### Dataset records
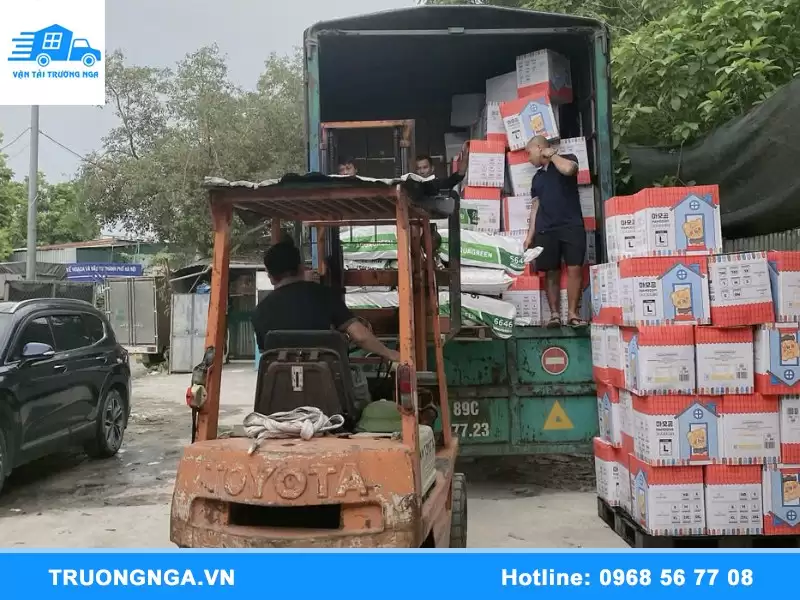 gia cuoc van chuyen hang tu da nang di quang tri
---
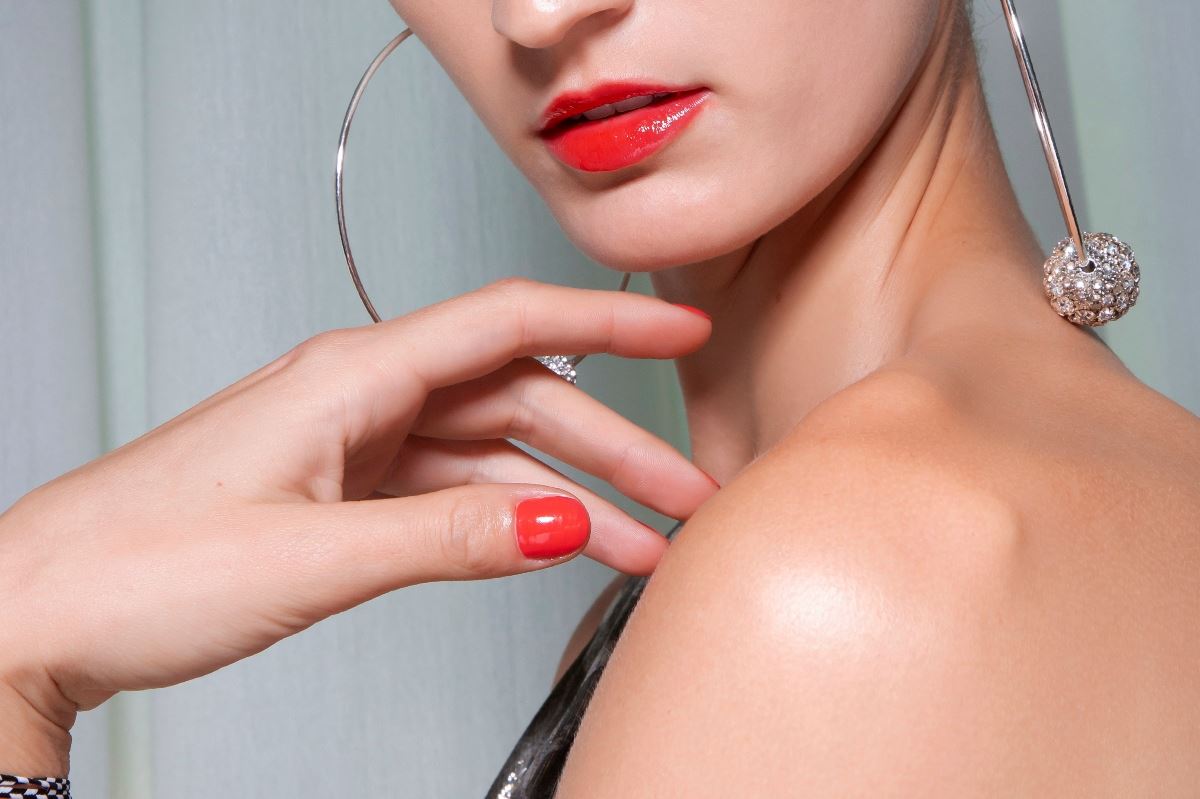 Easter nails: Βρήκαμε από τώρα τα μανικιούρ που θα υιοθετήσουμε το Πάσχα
--
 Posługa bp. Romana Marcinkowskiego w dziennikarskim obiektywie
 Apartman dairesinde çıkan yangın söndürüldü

### Brief
Take from the material above the lines running from the one with "Posługa bp. Romana" through the one with "Apartman dairesinde çıkan yangın söndürüldü", and repeat them exactly, with nothing else.

### Response below
 Posługa bp. Romana Marcinkowskiego w dziennikarskim obiektywie
 Apartman dairesinde çıkan yangın söndürüldü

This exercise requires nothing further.